Cool Riders (Japanese: クールライダーズ) is a 1995 racing arcade game by Sega. It is the spiritual sequel to OutRunners and has a similar premise to it, though rather than driving cars, the player rides bikes. It also uses digitized graphics similar to Mortal Kombat. The Steppenwolf song "Born to Be Wild" is featured as the game's opening theme, as well as one of selectable in-race music.

Cool Riders was emulated by the MAME emulator in 2004, but it wasn't working until 2013. This is because it was the only arcade game on the Sega H1 Board hardware, which used a unique graphics compression scheme.

==Gameplay==
The object of Cool Riders is to finish each stage ahead of a computer-controlled rival by the end of a stage's checkpoint and within the allotted time. Whoever finishes first gets to select the next stage. For every rival defeated up to stage four, the player receives a promotion, indicated on the lower left-hand corner of the screen.
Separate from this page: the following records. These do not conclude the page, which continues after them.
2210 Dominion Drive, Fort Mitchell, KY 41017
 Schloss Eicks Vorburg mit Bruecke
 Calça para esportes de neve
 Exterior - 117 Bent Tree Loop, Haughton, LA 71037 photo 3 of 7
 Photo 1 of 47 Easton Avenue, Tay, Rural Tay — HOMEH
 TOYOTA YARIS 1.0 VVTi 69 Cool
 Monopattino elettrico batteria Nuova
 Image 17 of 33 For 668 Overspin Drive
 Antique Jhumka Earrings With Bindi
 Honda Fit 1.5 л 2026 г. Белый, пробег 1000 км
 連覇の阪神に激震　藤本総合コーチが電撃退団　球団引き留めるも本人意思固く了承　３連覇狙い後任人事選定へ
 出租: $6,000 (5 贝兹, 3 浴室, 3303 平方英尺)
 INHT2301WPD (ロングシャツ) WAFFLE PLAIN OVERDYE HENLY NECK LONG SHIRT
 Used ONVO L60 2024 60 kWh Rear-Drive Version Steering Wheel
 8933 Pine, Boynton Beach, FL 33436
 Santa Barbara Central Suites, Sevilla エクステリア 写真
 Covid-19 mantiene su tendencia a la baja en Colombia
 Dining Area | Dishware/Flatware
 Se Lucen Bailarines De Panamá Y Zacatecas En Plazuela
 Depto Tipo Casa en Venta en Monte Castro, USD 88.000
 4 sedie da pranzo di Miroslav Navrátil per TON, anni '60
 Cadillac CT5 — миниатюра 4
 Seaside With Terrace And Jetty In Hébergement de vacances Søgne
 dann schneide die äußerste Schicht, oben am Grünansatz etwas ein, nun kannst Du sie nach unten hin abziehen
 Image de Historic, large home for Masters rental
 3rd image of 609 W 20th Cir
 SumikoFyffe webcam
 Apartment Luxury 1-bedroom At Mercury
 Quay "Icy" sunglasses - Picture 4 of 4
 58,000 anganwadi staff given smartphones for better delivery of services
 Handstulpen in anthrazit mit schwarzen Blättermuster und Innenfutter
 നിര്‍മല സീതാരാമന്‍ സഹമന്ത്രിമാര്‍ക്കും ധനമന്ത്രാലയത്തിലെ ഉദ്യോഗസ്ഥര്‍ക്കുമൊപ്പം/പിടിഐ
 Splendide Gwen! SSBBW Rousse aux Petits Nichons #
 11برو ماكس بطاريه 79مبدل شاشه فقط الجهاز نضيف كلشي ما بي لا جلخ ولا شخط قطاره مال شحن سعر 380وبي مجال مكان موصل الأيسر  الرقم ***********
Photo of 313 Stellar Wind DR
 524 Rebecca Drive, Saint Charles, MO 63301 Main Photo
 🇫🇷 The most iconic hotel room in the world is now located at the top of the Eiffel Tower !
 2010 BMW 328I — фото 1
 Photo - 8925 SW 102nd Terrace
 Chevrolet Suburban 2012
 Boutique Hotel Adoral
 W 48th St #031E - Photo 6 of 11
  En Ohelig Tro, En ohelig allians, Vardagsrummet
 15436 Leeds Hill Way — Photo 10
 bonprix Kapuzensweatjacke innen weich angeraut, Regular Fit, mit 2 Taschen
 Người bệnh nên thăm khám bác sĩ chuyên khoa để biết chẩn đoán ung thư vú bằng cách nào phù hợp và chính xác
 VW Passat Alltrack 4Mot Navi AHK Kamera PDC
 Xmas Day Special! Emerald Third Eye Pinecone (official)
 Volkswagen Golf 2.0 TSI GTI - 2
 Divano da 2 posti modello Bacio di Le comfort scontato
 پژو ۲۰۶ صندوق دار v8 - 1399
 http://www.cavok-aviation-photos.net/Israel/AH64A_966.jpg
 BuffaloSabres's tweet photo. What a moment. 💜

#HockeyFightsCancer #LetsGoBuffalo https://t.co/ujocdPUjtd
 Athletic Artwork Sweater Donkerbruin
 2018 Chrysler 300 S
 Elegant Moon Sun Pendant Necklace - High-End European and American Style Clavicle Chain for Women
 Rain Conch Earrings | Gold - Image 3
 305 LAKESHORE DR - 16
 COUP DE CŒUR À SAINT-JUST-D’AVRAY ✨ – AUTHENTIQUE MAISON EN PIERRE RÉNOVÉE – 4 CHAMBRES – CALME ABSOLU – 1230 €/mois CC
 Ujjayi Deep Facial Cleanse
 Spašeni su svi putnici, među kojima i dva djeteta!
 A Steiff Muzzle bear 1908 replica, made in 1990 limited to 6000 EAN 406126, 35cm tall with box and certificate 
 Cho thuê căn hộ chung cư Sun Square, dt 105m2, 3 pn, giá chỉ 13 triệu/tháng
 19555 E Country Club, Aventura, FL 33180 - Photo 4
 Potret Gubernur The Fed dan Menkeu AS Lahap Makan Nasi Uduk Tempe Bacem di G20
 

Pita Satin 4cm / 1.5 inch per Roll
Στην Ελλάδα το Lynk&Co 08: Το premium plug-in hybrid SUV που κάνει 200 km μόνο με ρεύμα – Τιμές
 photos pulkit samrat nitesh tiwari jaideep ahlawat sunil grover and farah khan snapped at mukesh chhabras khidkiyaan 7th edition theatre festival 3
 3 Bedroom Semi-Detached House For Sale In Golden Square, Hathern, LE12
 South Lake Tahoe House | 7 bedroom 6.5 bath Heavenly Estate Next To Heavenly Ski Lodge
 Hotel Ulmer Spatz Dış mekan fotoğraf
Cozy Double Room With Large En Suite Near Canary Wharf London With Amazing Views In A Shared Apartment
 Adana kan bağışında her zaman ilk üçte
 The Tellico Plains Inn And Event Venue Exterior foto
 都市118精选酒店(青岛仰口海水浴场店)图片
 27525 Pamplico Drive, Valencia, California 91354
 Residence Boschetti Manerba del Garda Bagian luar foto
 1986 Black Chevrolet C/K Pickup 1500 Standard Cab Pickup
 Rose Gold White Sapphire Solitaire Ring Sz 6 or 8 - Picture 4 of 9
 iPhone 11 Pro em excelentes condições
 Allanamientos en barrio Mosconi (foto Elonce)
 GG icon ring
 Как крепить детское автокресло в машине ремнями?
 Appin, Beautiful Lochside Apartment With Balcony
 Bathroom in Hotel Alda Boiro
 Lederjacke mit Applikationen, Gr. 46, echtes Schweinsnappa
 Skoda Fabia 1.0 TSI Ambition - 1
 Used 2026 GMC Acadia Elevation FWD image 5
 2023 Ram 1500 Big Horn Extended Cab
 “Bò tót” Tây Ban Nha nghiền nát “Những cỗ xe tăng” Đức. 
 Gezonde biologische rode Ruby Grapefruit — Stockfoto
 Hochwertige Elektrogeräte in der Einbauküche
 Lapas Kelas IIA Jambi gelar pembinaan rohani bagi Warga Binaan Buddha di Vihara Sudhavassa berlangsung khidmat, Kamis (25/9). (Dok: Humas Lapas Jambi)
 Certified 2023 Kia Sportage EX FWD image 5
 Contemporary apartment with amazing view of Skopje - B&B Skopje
There are three routes to choose from (westbound and eastbound routes with a middle route that takes the player through the United States.)

There are five stages. The fifth stage is an "Extra Stage" where the object is to outrace all seven computer-controlled rival opponents on the streets of New York City to the finish line. Regardless of what happens, the player character's ending will display on a projector if the player had time left over to finish the race, followed by a map containing the route the player took to reach the Extra Stage and the finish line, followed by the word "FINISH" appearing in the center of the screen.

Sonic the Hedgehog appears in this game. When the player completes the game, his head and that of Tails are icons for the player's initials in the high score table.

The game has failure animations when the player runs out of time during a race and comes to a complete stop. The announcer says the same "game over" message as in OutRunners: "I'm sorry. You didn't make it." When this happens, mini-cutscenes depending on the character the player chose play, ranging from one character throwing a tantrum on a scooter to characters being carried or thrown off the screen, followed by a map showing the route the player took with the word "RETIRE" appearing in the center of the screen.

==Reception==
In Japan, Game Machine listed Cool Riders on their July 15, 1995 issue as being the seventh most-successful dedicated arcade game of the month. A critic for Next Generation panned the game, commenting that "Realism is ridiculously absent, a sense of speed is almost nil, and control is plain sloppy; you practically have three directions, straight, and a left and right turn at 45 degrees. With games like Cyber Cycles eating up players' quarters, Cool Riders is just not up to par." He gave it two out of five stars.